Pictures with short captions:
========
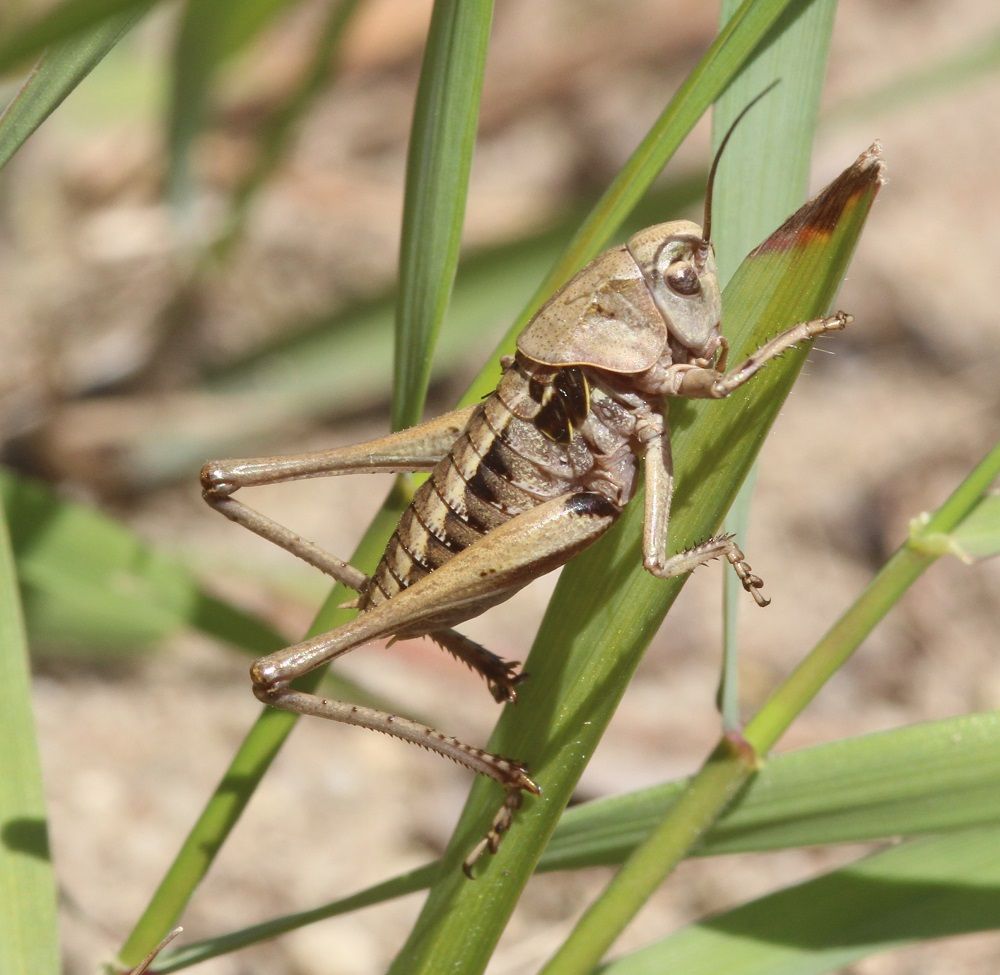 Decticus verrucivorus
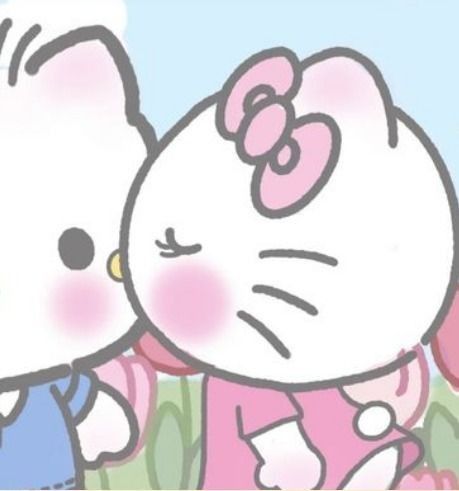 Cute Hello Kitty Couple Pfp, Sanrio Couples Pfp, Hello Kitty Bf Pfp, Hello Kitty And Her Bf Matching Pfp, Couple Matching Pfp Cute Cartoon, Cute Matchy Icons, Hello Kitty Aesthetic Matching Pfp, Hello Matching Pfp, Cute Hello Kitty Matching Pfp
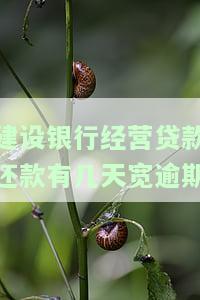 建设银行经营贷款还款有几天宽逾期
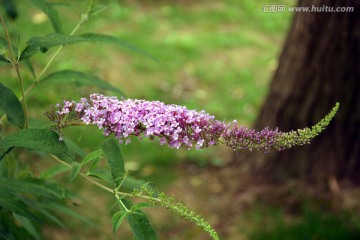 花穗 紫色小花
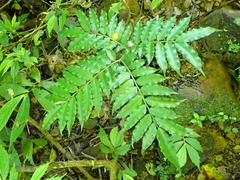Angiopteris lygodiifolia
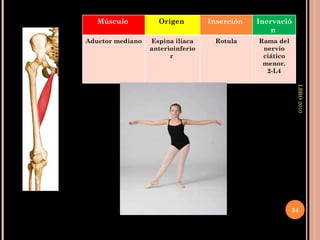 LBRO 2010 Músculo  Origen   Inserción  Inervación  Aductor mediano Espina iliaca anterioinferior  Rotula Rama del nervio ciático menor. 2-L4 
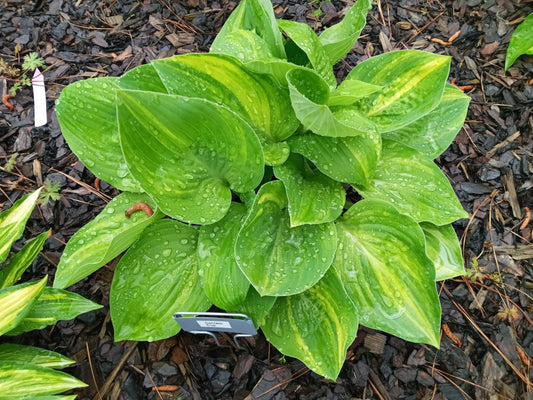 Confetti Cup image 0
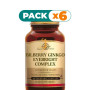 Pack 6x BILBERRY GINKGO EYEBRIGHT COMPLEX 60 CÁPSULAS SOLGAR
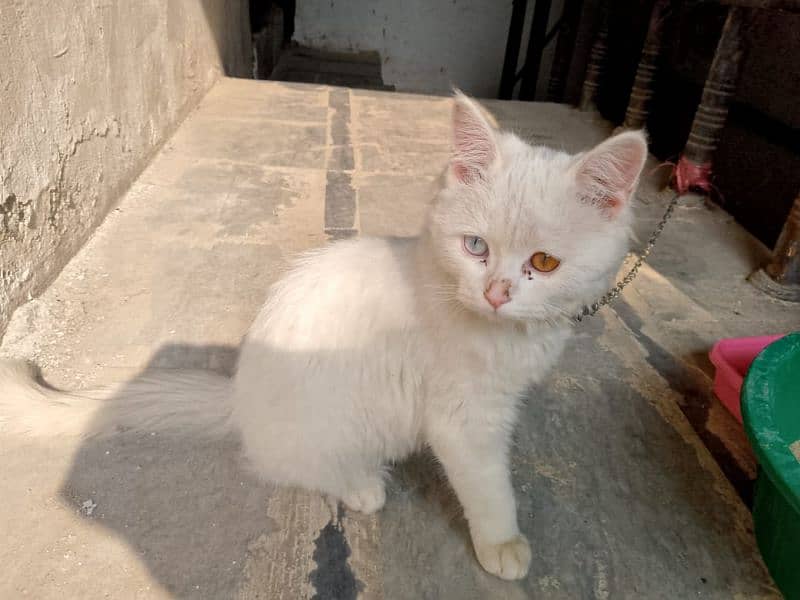 persian cat, triple cotted,cross eyes,vaccinated 1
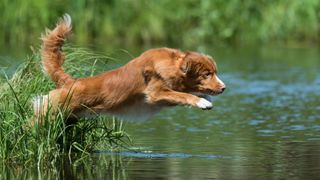 Nova Scotia Duck Tolling Retriever jumping into water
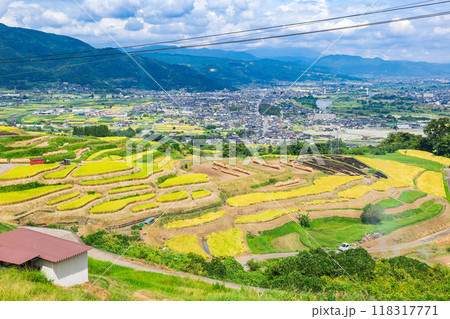秋の信州 姨捨の棚田と千曲市 秋の信州 姨捨の棚田と千曲市 118317771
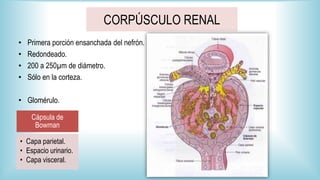 Sistema Urinario Histología.
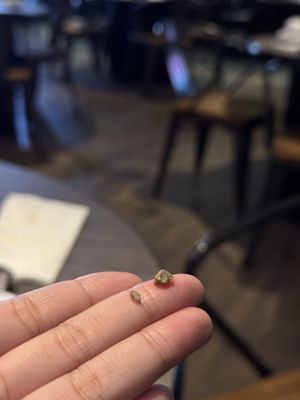 Gopchang Story Korean BBQ of Carrollton 곱창이야기 by null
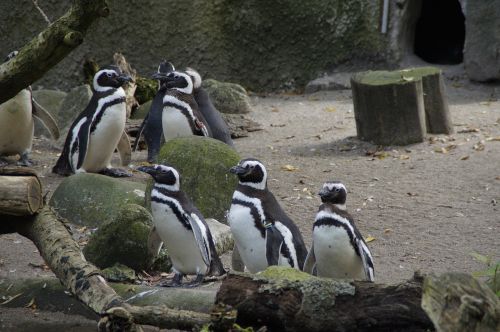 penguins zoo enclosure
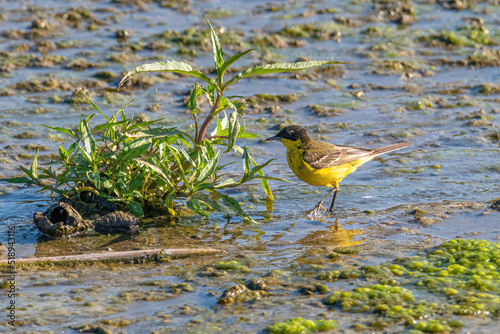 Black headed  yellow wagtail (Motacilla flava feldegg) photo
========
Would you print, exactly as they appear, the lines from the line with "Gopchang Story Korean" through the end of the entries above, leaving out the pictures?

 Gopchang Story Korean BBQ of Carrollton 곱창이야기 by null
 penguins zoo enclosure
 Black headed  yellow wagtail (Motacilla flava feldegg) photo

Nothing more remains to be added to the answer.